Validating Large Language Models with ReLM
This addresses the growing need for efficient and general validation tools for LLMs, which is crucial for mitigating negative effects in AI applications, though it is incremental as it builds on existing query methods.
The paper tackles the problem of validating large language models (LLMs) for issues like memorization, bias, and toxicity by introducing ReLM, a system that uses regular expressions to simplify and formalize evaluations, achieving up to 15x higher system efficiency and 2.5x data efficiency compared to state-of-the-art methods.

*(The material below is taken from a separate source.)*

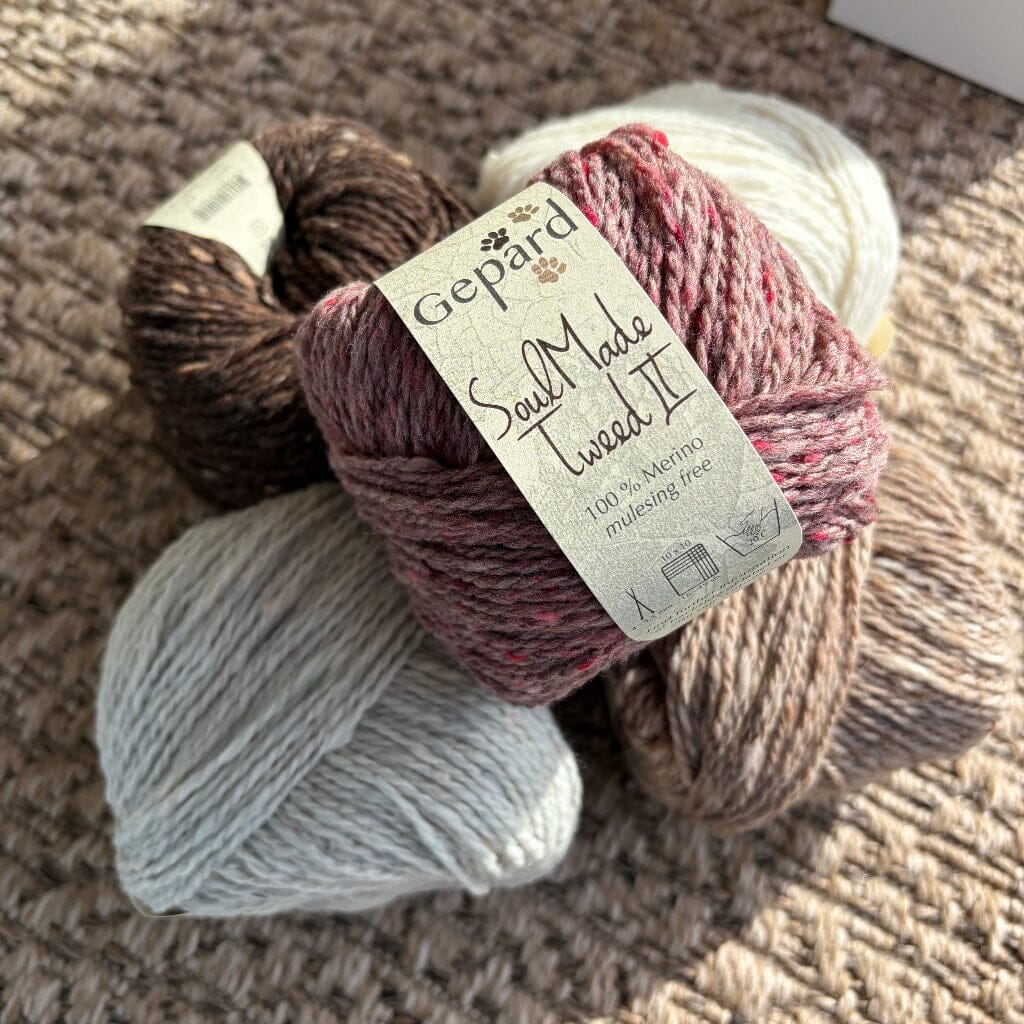 5 balls of tweed yarn in a pile, label says 'gepard soulmade tweed II' on woven carpet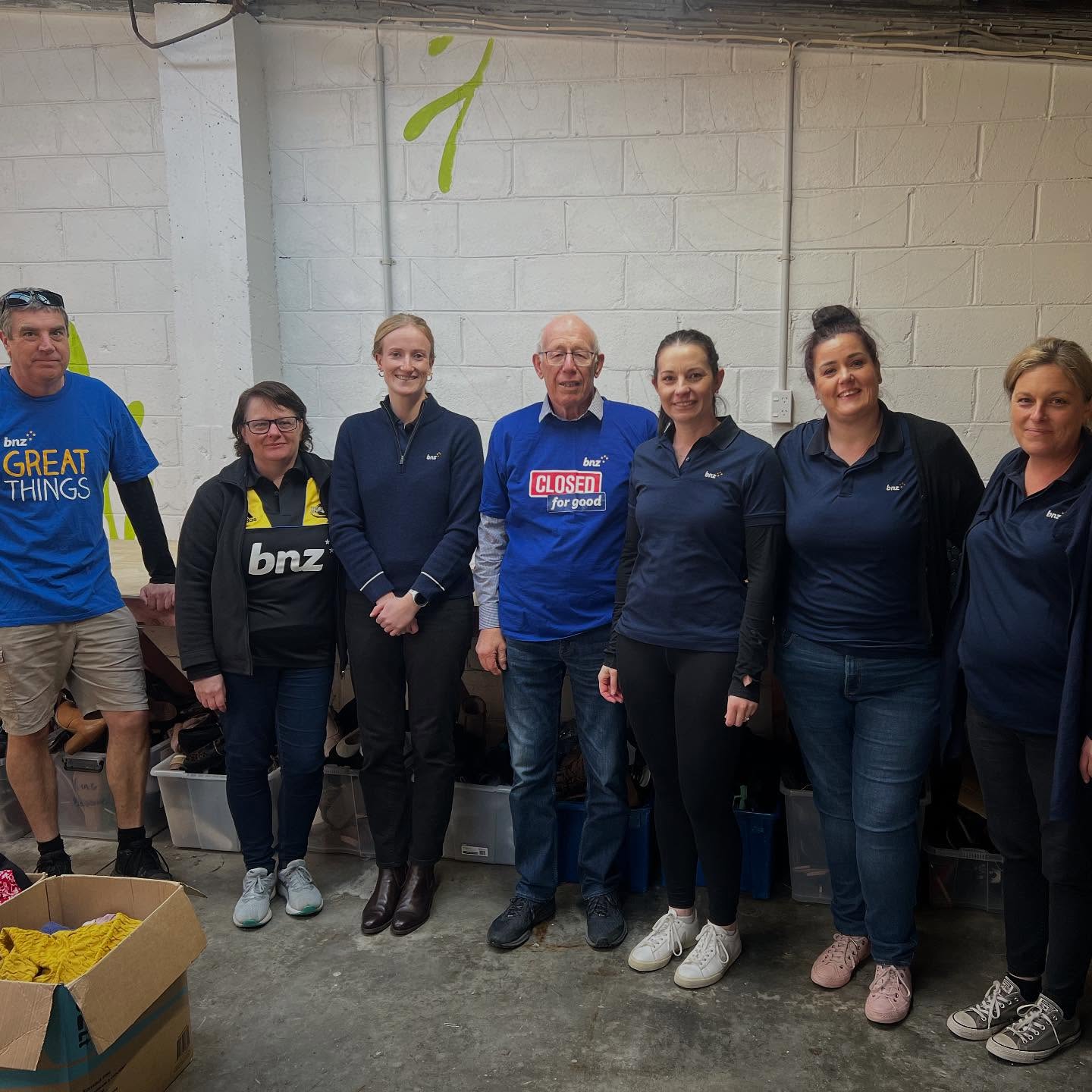 BCC volunteer group in the donation warehouse.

Although large language models (LLMs) have been touted for their ability to generate natural-sounding text, there are growing concerns around possible negative effects of LLMs such as data memorization, bias, and inappropriate language. Unfortunately, the complexity and generation capacities of LLMs make validating (and correcting) such concerns difficult. In this work, we introduce ReLM, a system for validating and querying LLMs using standard regular expressions. ReLM formalizes and enables a broad range of language model evaluations, reducing complex evaluation rules to simple regular expression queries. Our results exploring queries surrounding memorization, gender bias, toxicity, and language understanding show that ReLM achieves up to 15x higher system efficiency, 2.5x data efficiency, and increased statistical and prompt-tuning coverage compared to state-of-the-art ad-hoc queries. ReLM offers a competitive and general baseline for the increasingly important problem of LLM validation.